Both the appearance (new growth/tips) turning yellow, and the situation (zero nitrates in tank) make me more suspicious of nitrogen deficiency. I see this often enough in container plants towards the end of season as the limited soil gets depleted. 

There's not enough livestock poop to give you the nitrogenous by-products which would feed the plants, plus the now increased light is trying to drive the plant to grow more. With less raw material to work with, the plant is showing signs that something is out of balance. 

Iron is another possibility, as I understand that anubias can be prone to it. 

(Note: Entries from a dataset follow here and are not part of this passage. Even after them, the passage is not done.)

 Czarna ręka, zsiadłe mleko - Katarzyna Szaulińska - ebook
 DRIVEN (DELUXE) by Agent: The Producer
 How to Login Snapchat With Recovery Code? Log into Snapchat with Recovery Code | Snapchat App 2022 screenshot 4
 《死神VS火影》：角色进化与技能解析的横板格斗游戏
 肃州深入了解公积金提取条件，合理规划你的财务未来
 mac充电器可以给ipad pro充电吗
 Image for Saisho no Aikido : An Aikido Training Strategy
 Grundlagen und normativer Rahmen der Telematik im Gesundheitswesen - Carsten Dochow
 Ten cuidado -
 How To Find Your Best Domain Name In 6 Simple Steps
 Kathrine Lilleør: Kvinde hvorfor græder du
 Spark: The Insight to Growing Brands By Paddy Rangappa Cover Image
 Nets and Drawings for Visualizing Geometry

I have noted forum member Aqua Aurora has a lot of experience with anubias. If she doesn't chime in, maybe you can pm her. 

Good luck!


----------



## Raymond S. (Dec 29, 2012)

Someone on here can give you the amounts of it but you need complete ferts.
What you listed is far from that.
http://www.plantedtank.net/forums/showthread.php?t=21944
The extra light and CO2 are going to drive growth, but there is no food.
Flourish Comp is an adequate substitute for the CSM+B...only, it has no macros to speak of. You can use only one dose of the EI list instead of three per week.
But with higher lights and injected CO2 the plants can use more than that.
http://www.plantedtank.net/forums/showthread.php?t=107303#2
http://www.plantedtank.net/forums/showthread.php?t=107312


----------



## mattinmd (Aug 16, 2014)

nathank said:


> im using 2 up aqua led lights (was previously using 1 on my old tank). Dosing seachem excel daily, comprehensive each week and potassium as i thought yellowing was a potassium deficiency?


Potassium results in necrotic spots all over the leaves, ie: pinholes, not yellowing.

I can't see your pictures at the moment, but yellowing is usually caused by:

Nitrogen - Yellow in old growth, eventually effects new growth too.
Magnesium - Yellowing of old growth, but the veins tend to remain green.
Iron - yellow in new growth, while old remains green.

You can look at some pictures at:
http://deficiencyfinder.com/


----------



## nathank (Mar 11, 2014)

thanks for the input guys, im just confused as i was actually adding less ferts in my previous tank and they were doing far better. But i was using co2


----------



## mattinmd (Aug 16, 2014)

Interesting.. 

So looking at the pictures, I see pinholes, so potassium deficiency is present. It is possible that the potassium issue is now corrected, and now nitrate deficiency is showing..

did the CO2 tank have livestock in it, or just the same TB shrimp?

Does the new tank have more nutrient hungry fast growing plants?

Just tossing out ideas..


----------



## nathank (Mar 11, 2014)

no the new the tank has less plants, only crypt parva an anubias at this point. The previous tank only had 10 red cherry shrimp and i wasnt really feeding them that often, once a week maybe.

Ill correct the nitrogen deficiency and then see what happens. Just anubias being so slow growing it takes a while to see if the issues have been corrected, unlike stem plants you can tell reasonably quickly.

The anubias are getting worse each day


----------